For me, it proved to be a career-changing event. Politics editor Josh Kurtz became a supporter, realizing that Roll Call didn’t already cover these topics — and other media outlets didn’t, either. So I wrote the “Out There” column once or twice a week for the next few years. Over the next two decades, it has run in (and in some cases been canceled by) Stateline.org, Governing magazine, the Cook Political Report, U.S. News & World Report and Sabato’s Crystal Ball. The column is no longer called “Out There,” but it’s still alive after all this time.
In late 2006, Roll Call’s executives tapped me to head up a project that would become CongressNow. The goal was to integrate Roll Call with its newly purchased, Texas-based legislative news service, GalleryWatch; the assignment was to create a wire service that covered the substantive legislative business of hearings and markups — material too down-in-the-weeds for Roll Call’s print edition.
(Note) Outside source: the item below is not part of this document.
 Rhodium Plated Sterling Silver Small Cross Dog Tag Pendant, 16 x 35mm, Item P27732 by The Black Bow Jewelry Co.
Joining me and my handpicked deputy editor, George Cahlink, were a full-time staff of about six reporters, plus the GalleryWatch staff, which included such then-junior journalists as Niels Lesniewski and Jen Bendery.
In the pre-Twitter days, CongressNow broke Roll Call tradition by eschewing a paper edition; instead, we posted and emailed stories to subscribers as soon as they were edited. We were the little engine that could: By our second or third week of operation, I heard through the grapevine that, at an all-staff meeting of our massively larger rival, CQ, a CQ editor said, “You’ve probably never heard of them, but your biggest competitor right now is CongressNow.” Less than three years later, CQ merged with Roll Call, absorbing CongressNow.
I never did end up serving in the Capitol trenches alongside my Roll Call colleagues, and that’s been something of a career regret. But my time at Roll Call prepared me well for my future career, including 16 years and counting with PolitiFact and as chief author of the Almanac of American Politics.
Today, I edit many of the Almanac’s lawmaker profiles, I’m able to serve as PolitiFact’s in-house expert on congressional procedure, and I sometimes cosplay as a hallway reporter when taking PolitiFact interns on tours of the Capitol complex. I guess for a publication so steeped in the lore of Congress, it was inevitable that I would pick up some of it by osmosis.
Louis Jacobson was deputy editor of Roll Call from 2004 to 2006 and was the founding editor of its affiliate CongressNow from 2007 to 2009. He is currently chief correspondent for PolitiFact and chief author of the Almanac of American Politics.